Jason M. Kelly is a historian of modern China with interests in Chinese foreign relations during the twentieth and twenty-first centuries, commerce and diplomacy, U.S.-China relations, and East Asian international history. He is currently a senior lecturer (equivalent to associate professor) in the Department of Politics and International Relations at Cardiff University and an associate in research at the Fairbank Center for Chinese Studies at Harvard University.

Dr. Kelly’s first book, Market Maoists: The Communist Origins of China’s Capitalist Ascent (Harvard University Press, 2021), reveals the overlooked commercial relationships that linked the Chinese Communist Party to international capitalism from the early days of the Pacific War to the waning years of the Cultural Revolution. By exploring these relationships, the book shows how everyday commerce between Mao’s China and the capitalist world served as a site for the exchange of ideas, habits, and beliefs and as a venue where individuals, institutions, and the logics that guided them underwent subtle but lasting changes that still shape China’s relationship to global markets today—long after the demise of Mao and his revolution. Dr. Kelly’s current book project is an international history of the diverse influences that shaped the emergence of China’s “opening up” strategy in the 1970s.

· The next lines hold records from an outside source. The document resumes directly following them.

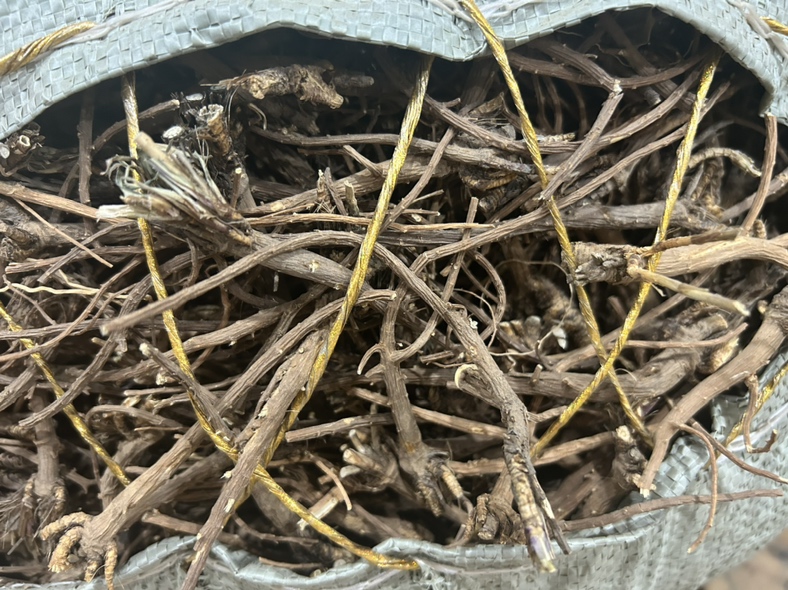 北柴胡与其他中药材搭配使用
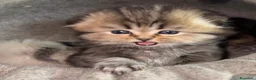 Scottish Fold gatos en venta: Scottish Fold Highland  - Anuncio 8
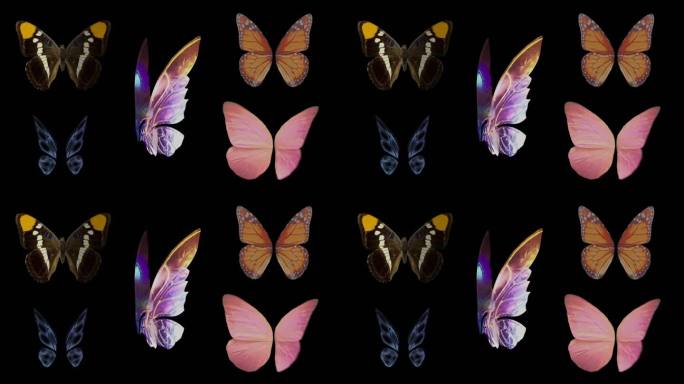 【无缝循环】5只不同飞舞的蝴蝶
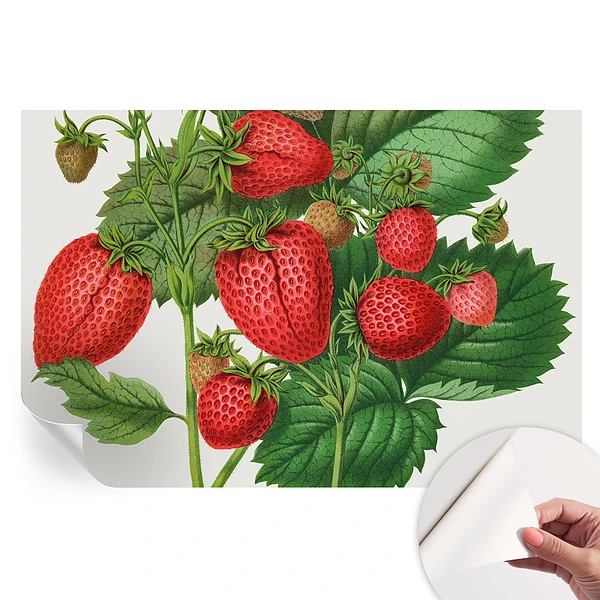 Fototapet autoadeziv pentru dormitor Fructe de vară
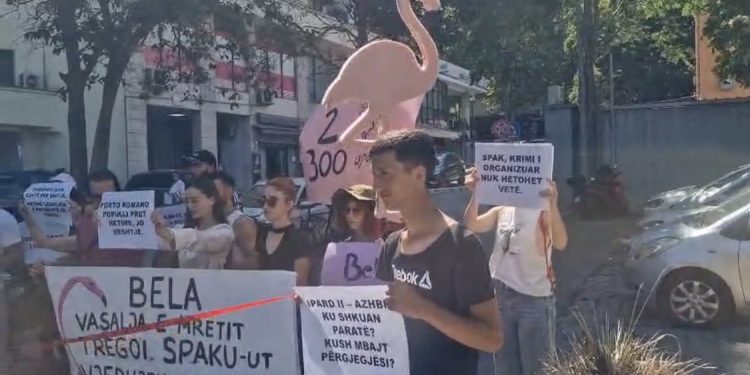 DITA 65/ Thirrje për dorëheqjen e Ramës. Si po fundosen pallatet e Alabarit në Durrës do fundoset dhe qeveria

Before joining Cardiff University in 2022, Dr. Kelly was an assistant professor in the Strategy & Policy Department at the U.S. Naval War College (2018-2022). He was also previously an Ernest May Fellow in History and Policy at the Harvard Kennedy School (2016-2018). Prior to becoming a historian, he was a foreign service officer and worked at the U.S. Embassy in Beijing from 2010 to 2012. Dr. Kelly has also worked as an analyst with Science Applications International Corporation and the RAND Corporation.

Dr. Kelly has lived, studied, taught, traveled, and worked in China intermittently since the fall of 2002, when he taught his first class—fifteen English-language students—in Wuhan. He is an advocate of interdisciplinary approaches to China studies, a reflection of his own multidisciplinary background. He holds a Ph.D. and an M.A. in history from Cornell, an M.A. in international relations from Yale, and a B.A. in economics from Dartmouth. He has also studied Chinese at Princeton in Beijing and the Inter-University Program for Chinese Language Studies at Tsinghua University.